EXERCISE DESCRIPTION → The listing below is to be given again in full and word for word, without its images.

INFORMATION SHOWN →
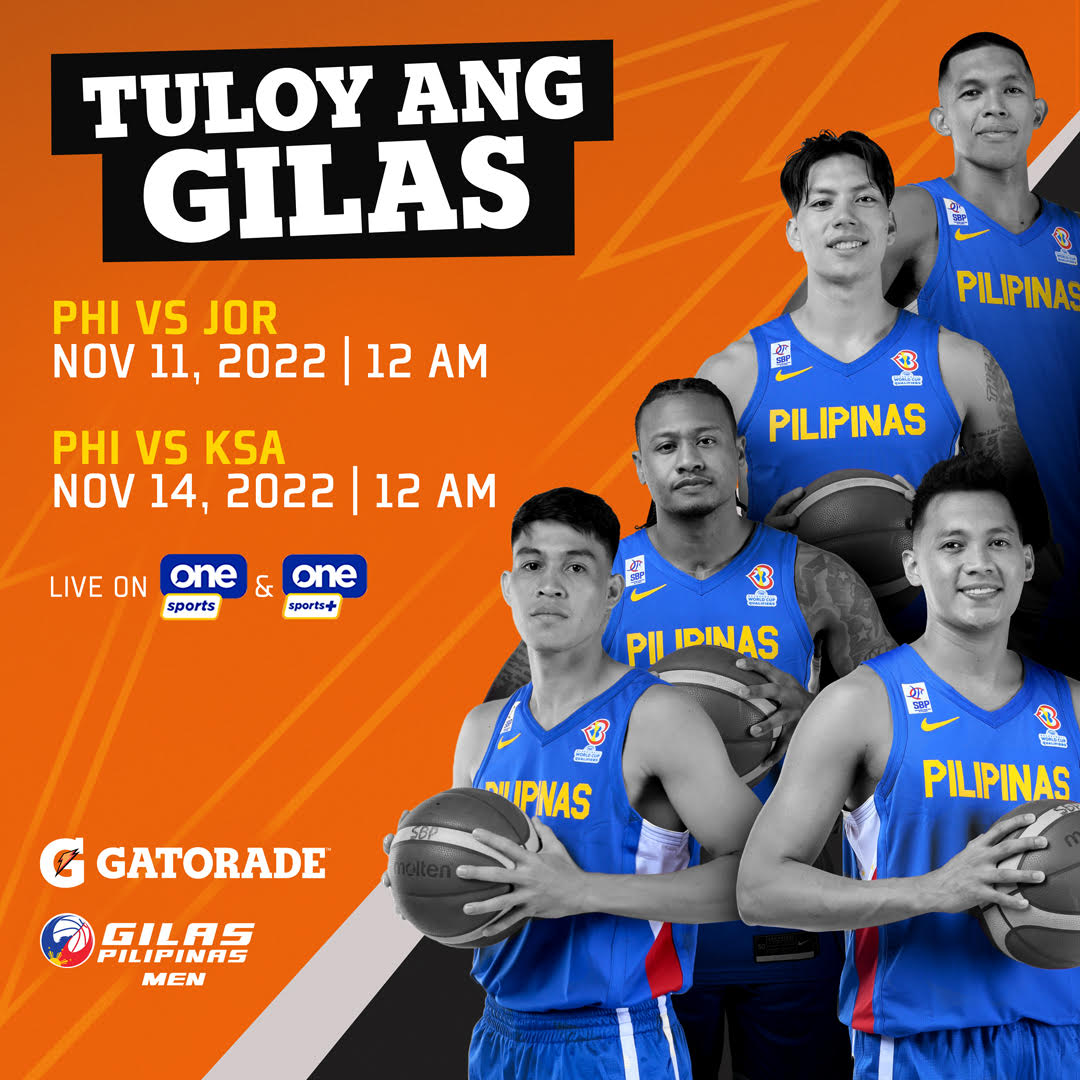 Witness #GilasPilipinas face off against Jordan and Saudi Arabia LIVE on OneSports and OneSports Plus! We’re rooting for you, Gilas! #FuelIt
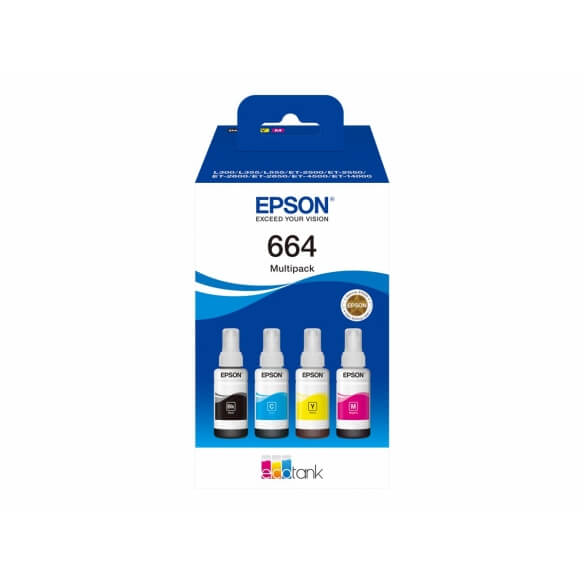 Epson EcoTank 664 - pack de 4 - noir, jaune, cyan, magenta - original - recharge d'encre
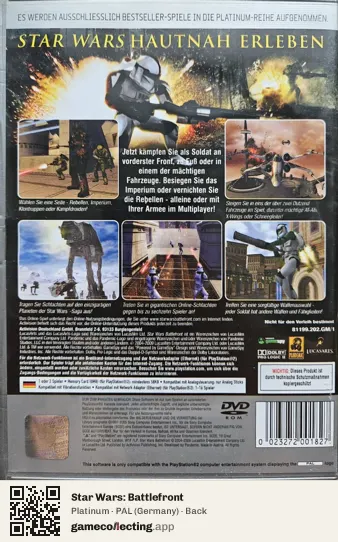 Star Wars: Battlefront PlayStation 2, Germany box back
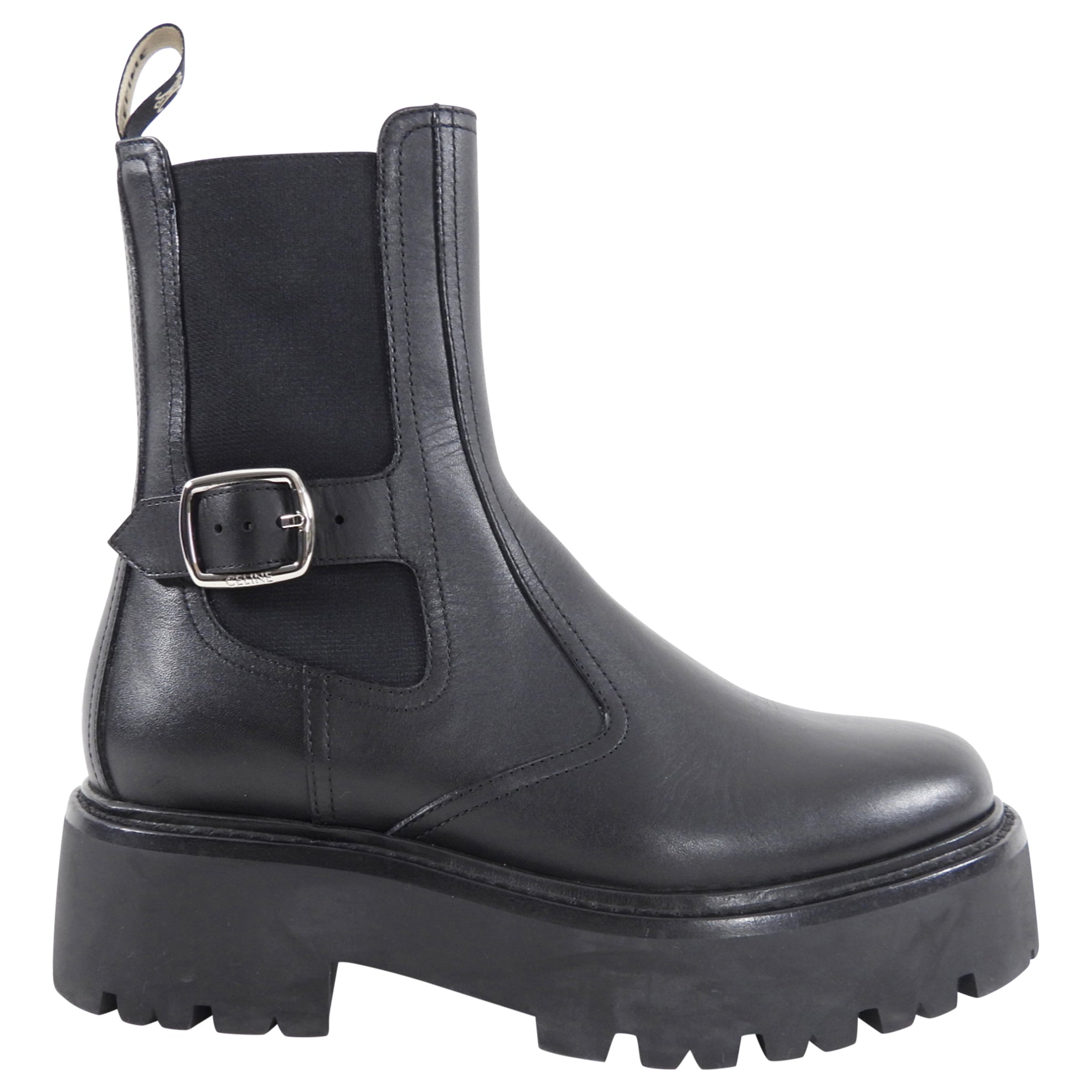Celine Black Leather Chunky Chelsea Boots Size 37 - Stylish & Comfortable Winter Boots for Women | Perfect for Casual Outfits, Office Wear & Night Out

RESULT BELOW →
 Witness #GilasPilipinas face off against Jordan and Saudi Arabia LIVE on OneSports and OneSports Plus! We’re rooting for you, Gilas! #FuelIt
 Epson EcoTank 664 - pack de 4 - noir, jaune, cyan, magenta - original - recharge d'encre
 Star Wars: Battlefront PlayStation 2, Germany box back
Celine Black Leather Chunky Chelsea Boots Size 37 - Stylish & Comfortable Winter Boots for Women | Perfect for Casual Outfits, Office Wear & Night Out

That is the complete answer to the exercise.